-- ACTION ITEM --
Everything in the listing below must be reproduced exactly, apart from its images.

-- RECORDS TO PROCESS --
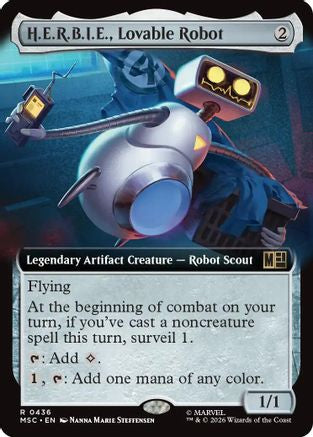 H.E.R.B.I.E., Lovable Robot (Extended Art) (MSC-436) - Commander: Marvel Super Heroes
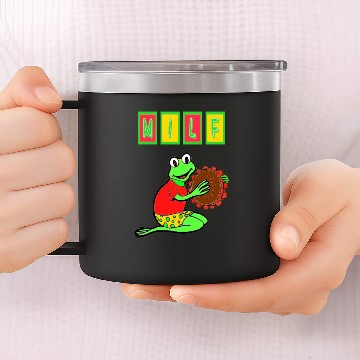 Discover MILF MAN I LOVE FROG 14oz Stainless Steel Tumblers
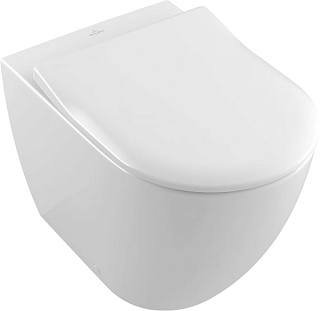 Унитаз приставной напольный Villeroy & Boch Subway 2.0 5602R0R1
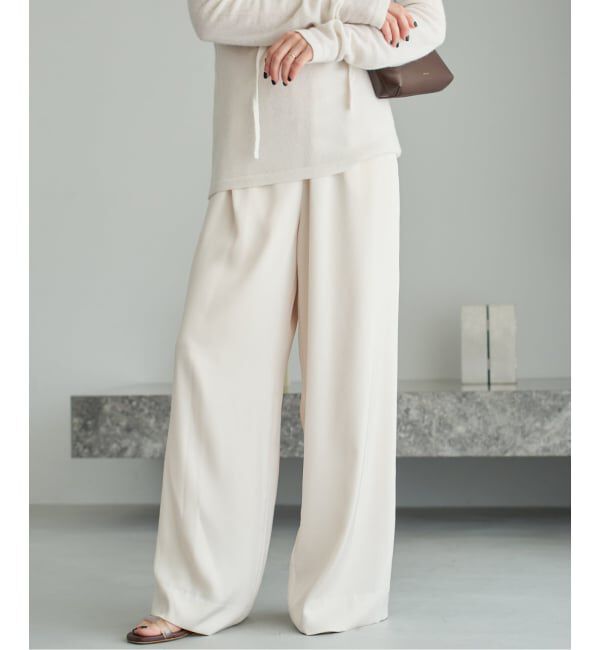 Plage「《追加》dull satin relax パンツ」|その他|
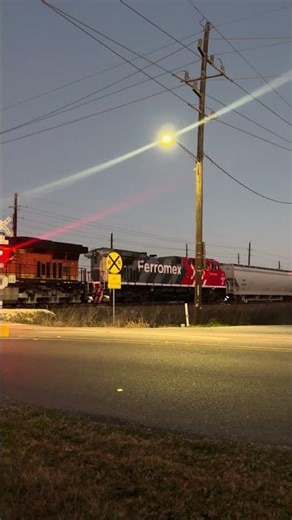 New camera setup filming a shiny Ferromex trailing #railfaning #trains #bnsf #photography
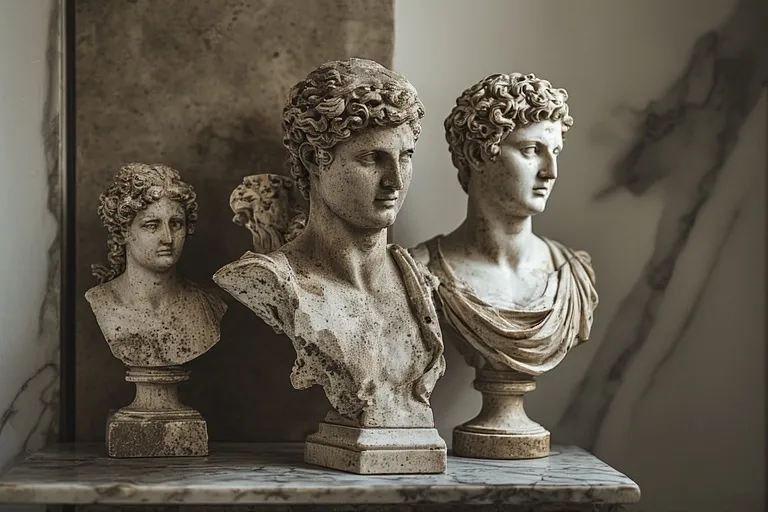 Greek bust decor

-- TASK SOLUTION --
 H.E.R.B.I.E., Lovable Robot (Extended Art) (MSC-436) - Commander: Marvel Super Heroes
 Discover MILF MAN I LOVE FROG 14oz Stainless Steel Tumblers
 Унитаз приставной напольный Villeroy & Boch Subway 2.0 5602R0R1
 Plage「《追加》dull satin relax パンツ」|その他|
 New camera setup filming a shiny Ferromex trailing #railfaning #trains #bnsf #photography
 Greek bust decor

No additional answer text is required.